__PROBLEM DETAILS__: Reproduce each line of the following material exactly, omitting the images.

__RAW DATA__:
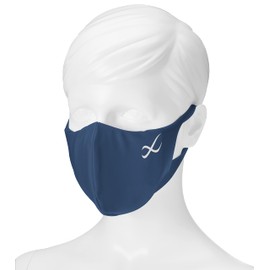 Cedar Brew X / Wacoal HYR700 KO M Sports Mask, 3D Design, Easy to Breath and UV Reduction Rate Over 90% Unisex,, KO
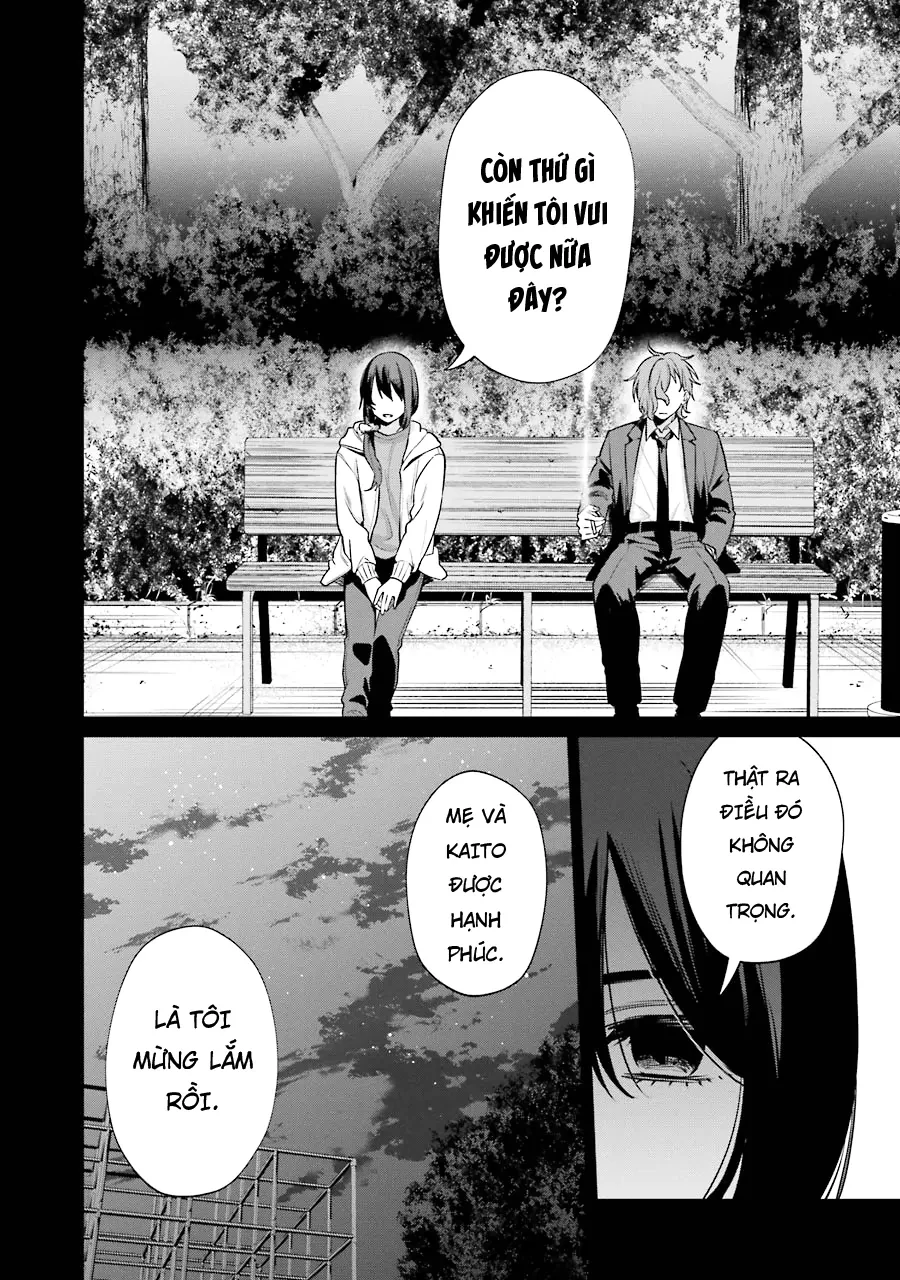 Căn Phòng Hành Phúc Spin-Off - Thám Tử Của Sự Thật Chapter 7 - 29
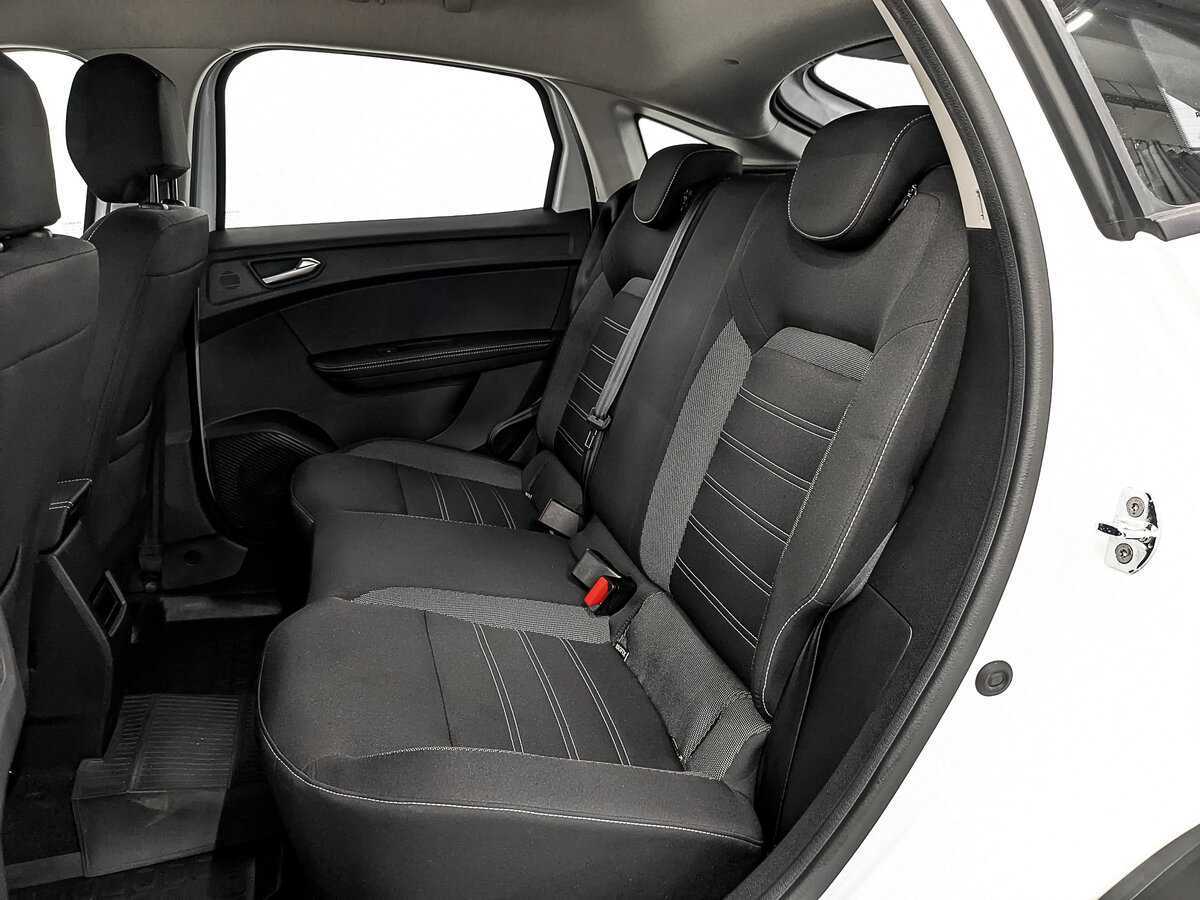 Renault Arkana 2019 года с пробегом. Фото: #17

__ANSWER FOR THE TASK__:
 Cedar Brew X / Wacoal HYR700 KO M Sports Mask, 3D Design, Easy to Breath and UV Reduction Rate Over 90% Unisex,, KO
 Căn Phòng Hành Phúc Spin-Off - Thám Tử Của Sự Thật Chapter 7 - 29
 Renault Arkana 2019 года с пробегом. Фото: #17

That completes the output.